* _Exercise inputs_:
^^^^^^^^

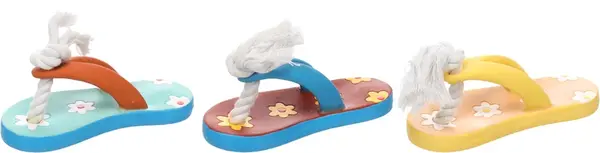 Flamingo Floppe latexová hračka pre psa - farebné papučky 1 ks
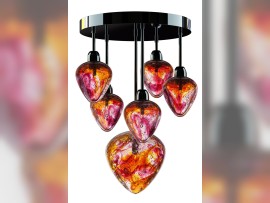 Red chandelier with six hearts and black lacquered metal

^^^^^^^^

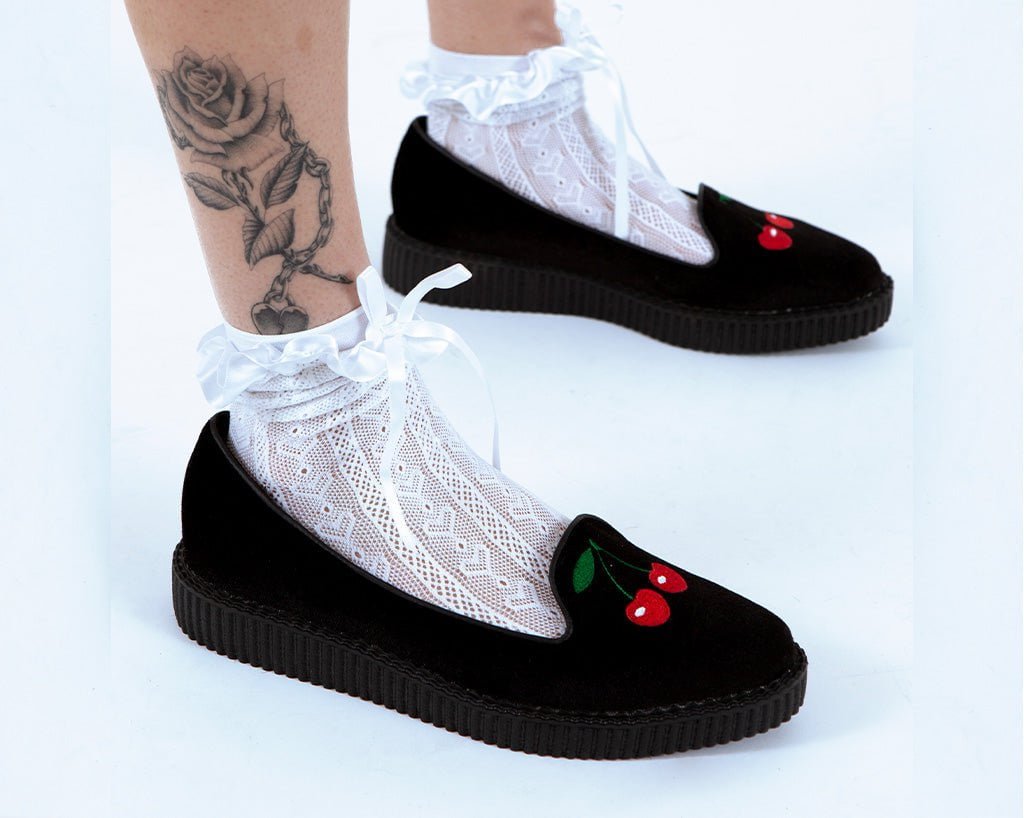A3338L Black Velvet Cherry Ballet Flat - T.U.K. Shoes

^^^^^^^^

* _Task requirements_: From the records above, extract the lines from the one holding "Flamingo Floppe latexová" through the one holding "Red chandelier with", word for word; omit the pictures.

* _Written solution_:
 Flamingo Floppe latexová hračka pre psa - farebné papučky 1 ks
 Red chandelier with six hearts and black lacquered metal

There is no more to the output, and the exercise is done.